* TO DO *
Once you reach the line containing "Noticia: Apple ha" in the entries below, write out that line and each one after it down to the line containing "Spro Iris The Kid 4.8cm 6g Shad", exactly and with nothing added.

* RECORDED DATA *

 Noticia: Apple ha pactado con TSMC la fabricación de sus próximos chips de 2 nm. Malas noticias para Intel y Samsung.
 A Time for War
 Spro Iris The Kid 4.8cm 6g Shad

--

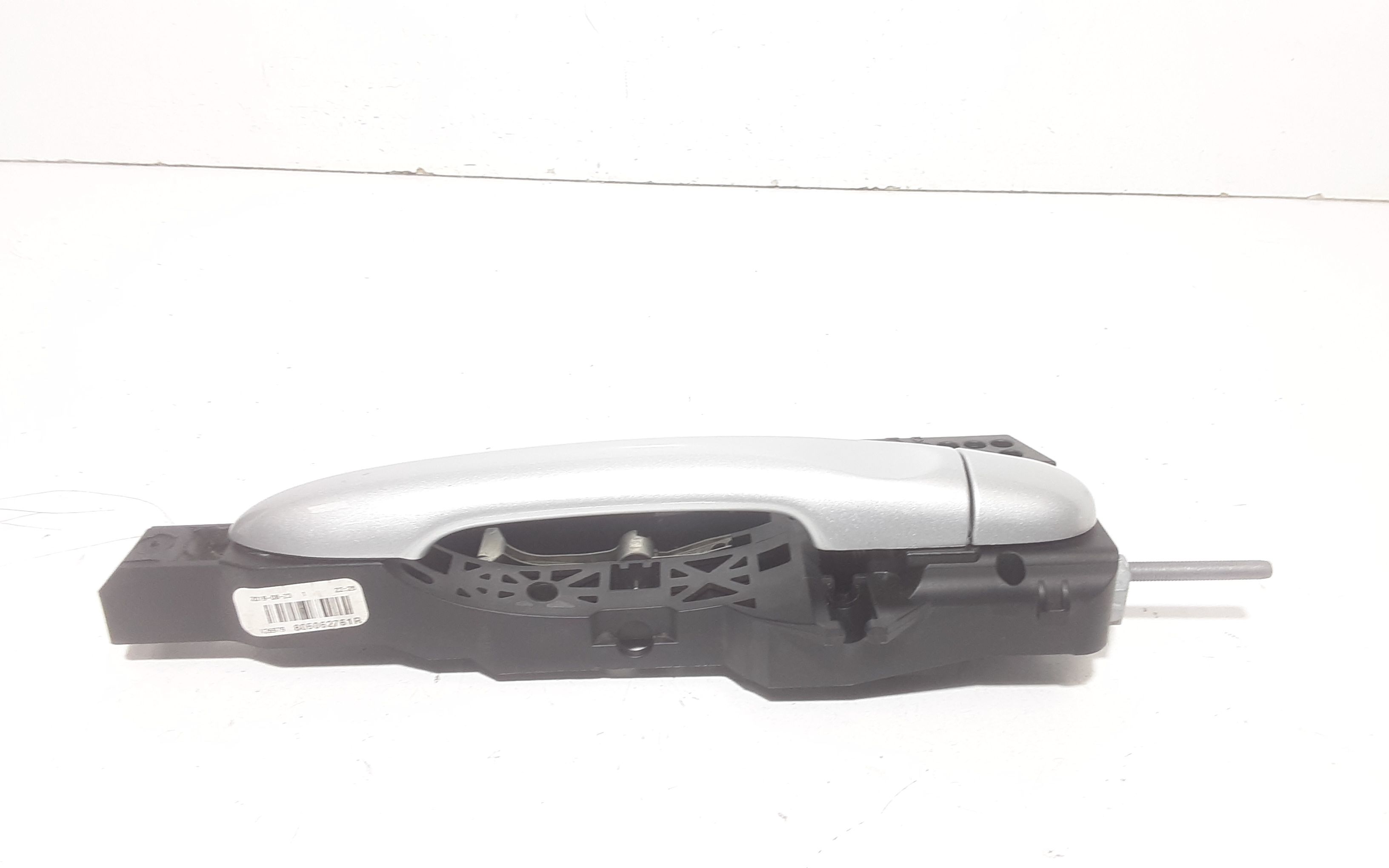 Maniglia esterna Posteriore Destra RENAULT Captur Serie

* SOLUTION BELOW *
 Noticia: Apple ha pactado con TSMC la fabricación de sus próximos chips de 2 nm. Malas noticias para Intel y Samsung.
 A Time for War
 Spro Iris The Kid 4.8cm 6g Shad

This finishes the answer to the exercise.